Twinkle Twinkle Little Star
Defense Attorney:
Will you please state your age?
Little Old Lady:
I am 86 years old.
Defense Attorney:
Will you tell us, in your own words, what happened the night of April 1st?
Little Old Lady:
There I was, sitting there in my swing on my front porch on a warm spring evening, when a young man comes creeping up on the porch and sat down beside me.
Defense Attorney:
Did you know him?
Little Old Lady:
No, but he sure was friendly.
Defense Attorney:
What happened after he sat down?
Little Old Lady:
He started to rub my thigh.
Defense Attorney:
Did you stop him?
Little Old Lady:
No, I didn't stop him.
Defense Attorney:
Why not?
Little Old Lady:
It felt good. Nobody had done that since my Albert died some 30 years ago.
Defense Attorney:
What happened next?
Little Old Lady:
He began to rub my breasts.
Defense Attorney:
Did you stop him then?
Little Old Lady:
No, I did not stop him.
Defense Attorney:
Why not?
Little Old Lady:
His rubbing made me feel all alive and excited.

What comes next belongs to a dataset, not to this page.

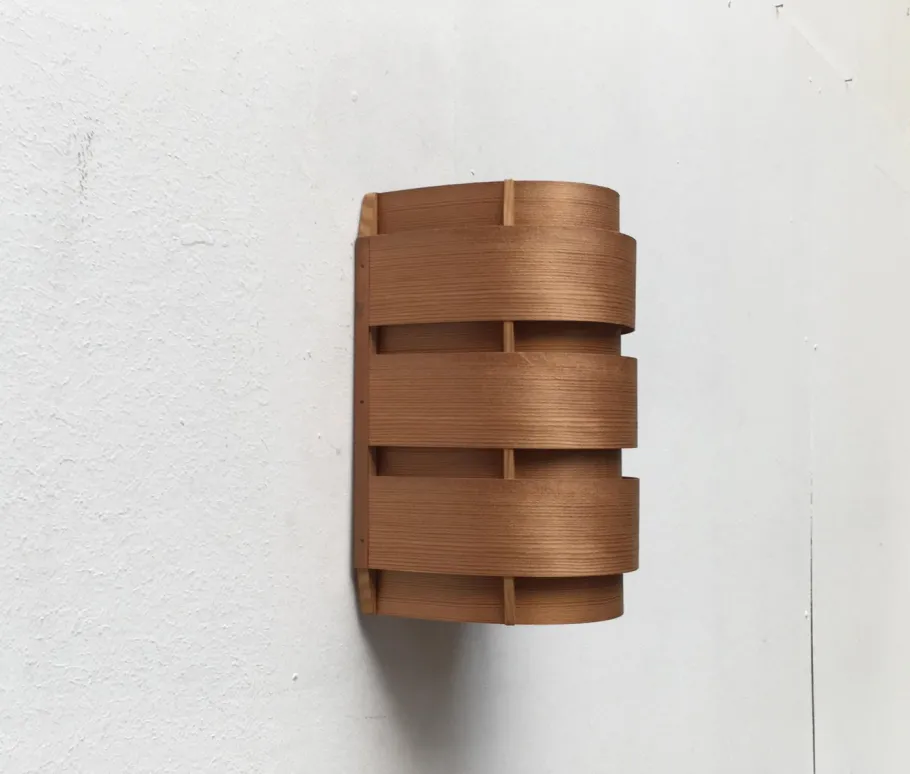 Clearance Pamono Mid-Century Teak V155 Edda Wall Lamp by Hans-Agne Jakobsson for Ellysett AB, 1950s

I haven't felt that good in years!
Defense Attorney:
What happened next?
Little Old Lady:
Well, by then, I was feeling so "spicy" that I just laid down and told him
"Take me, young man. Take me now!"
Defense Attorney:
Did he take you?
Little Old Lady:
Hell, no! He just yelled, "April Fool!"
And that's when I shot him, the little bastard.
Moral of the Story:
Don't Tease Elderly Ladies
3 comments:
Hehehe...good one.
Actually, I came to your site to escape all the endless postings and comments on the "Joy" case...Just about every Ahmad, Ah Beng and Ariapan in the country has said his piece and covered every side of the argument. So I don't want to read any more about it....
heheheh.. got a good laugh from that one..
moral of the story: don't make a geriatric widower horny.. LOL
good one for the distressed who needs a good laughter.